Apart from the images, reproduce every record word for word.
==== Data section
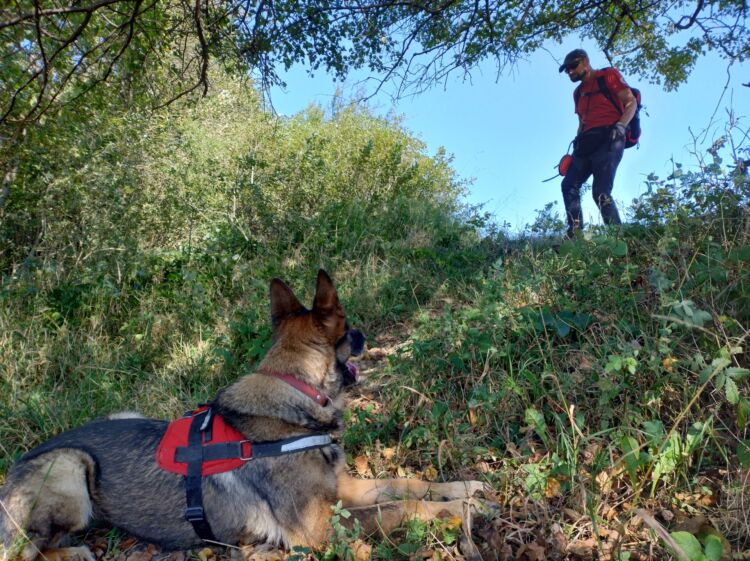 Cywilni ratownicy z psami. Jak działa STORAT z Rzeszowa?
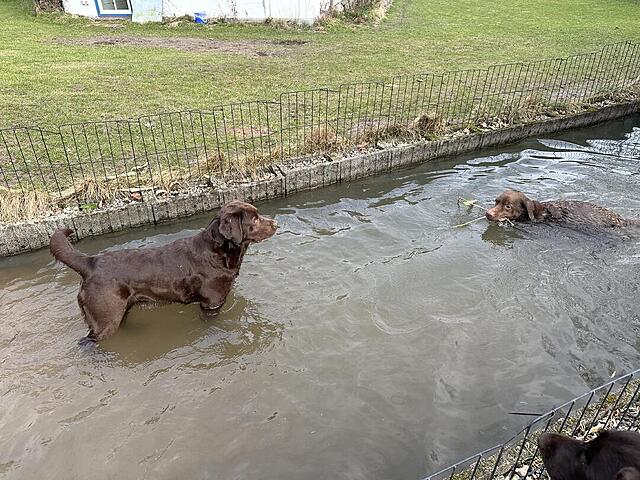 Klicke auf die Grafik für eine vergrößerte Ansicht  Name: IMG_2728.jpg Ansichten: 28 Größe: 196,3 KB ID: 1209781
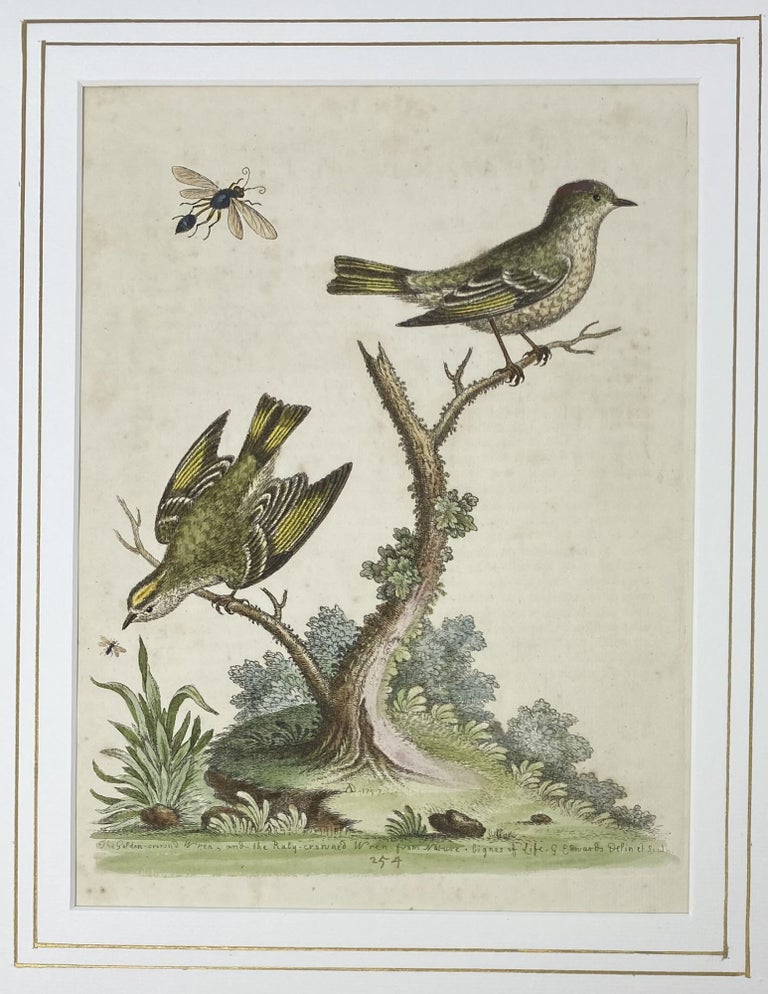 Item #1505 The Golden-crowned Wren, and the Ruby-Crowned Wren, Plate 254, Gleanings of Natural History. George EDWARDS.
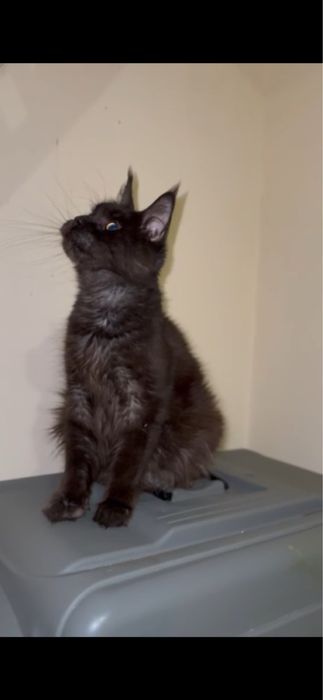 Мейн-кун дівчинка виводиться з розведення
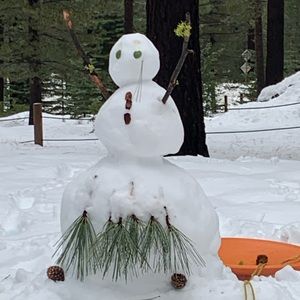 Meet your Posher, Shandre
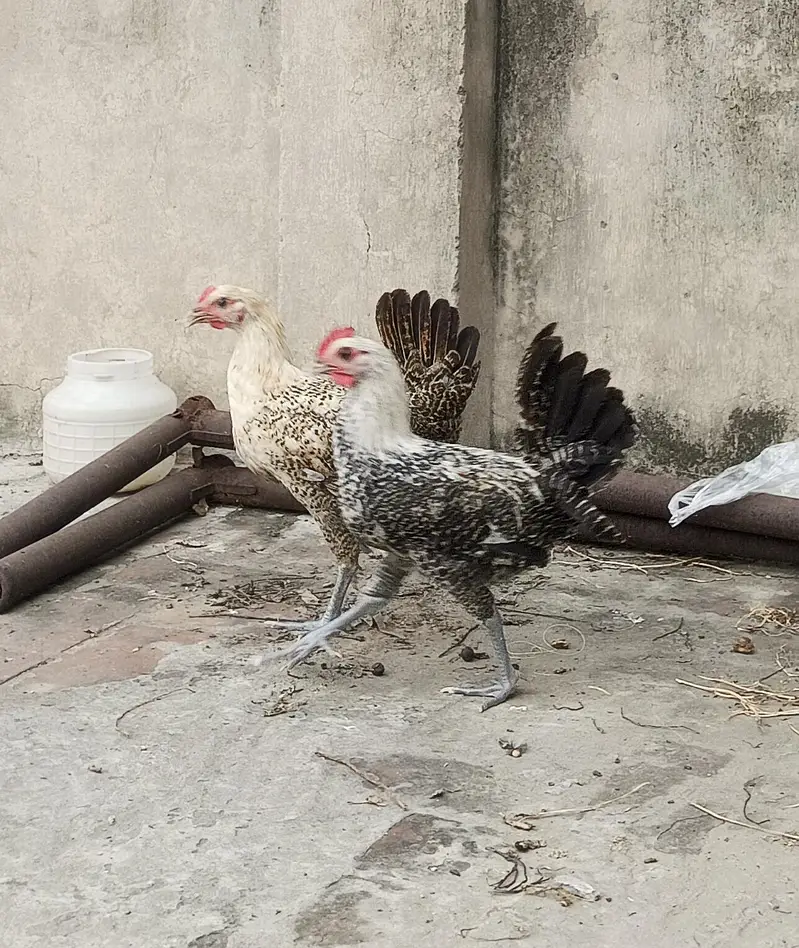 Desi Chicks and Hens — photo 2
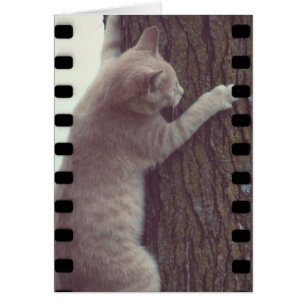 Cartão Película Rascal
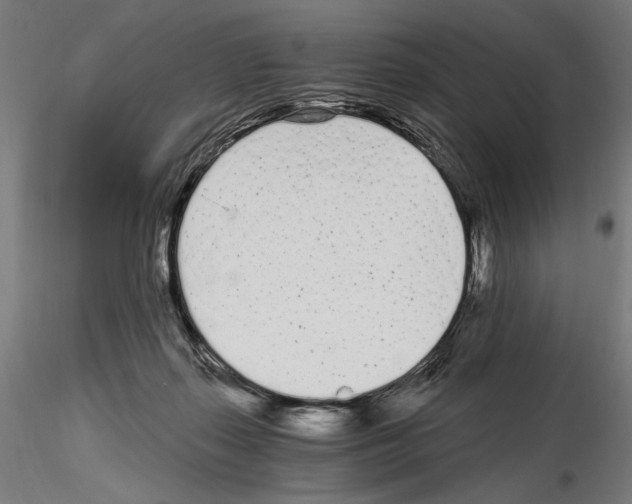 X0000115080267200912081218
========
Task solution —
 Cywilni ratownicy z psami. Jak działa STORAT z Rzeszowa?
 Klicke auf die Grafik für eine vergrößerte Ansicht  Name: IMG_2728.jpg Ansichten: 28 Größe: 196,3 KB ID: 1209781
 Item #1505 The Golden-crowned Wren, and the Ruby-Crowned Wren, Plate 254, Gleanings of Natural History. George EDWARDS.
 Мейн-кун дівчинка виводиться з розведення
 Meet your Posher, Shandre
 Desi Chicks and Hens — photo 2
 Cartão Película Rascal
 X0000115080267200912081218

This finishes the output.